About this task:
Copy out the data in full, keeping each line exactly as it reads.

Exercise data:
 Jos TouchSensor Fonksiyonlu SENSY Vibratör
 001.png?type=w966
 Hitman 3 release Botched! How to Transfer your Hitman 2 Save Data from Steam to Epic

Answer section:
 Jos TouchSensor Fonksiyonlu SENSY Vibratör
 001.png?type=w966
 Hitman 3 release Botched! How to Transfer your Hitman 2 Save Data from Steam to Epic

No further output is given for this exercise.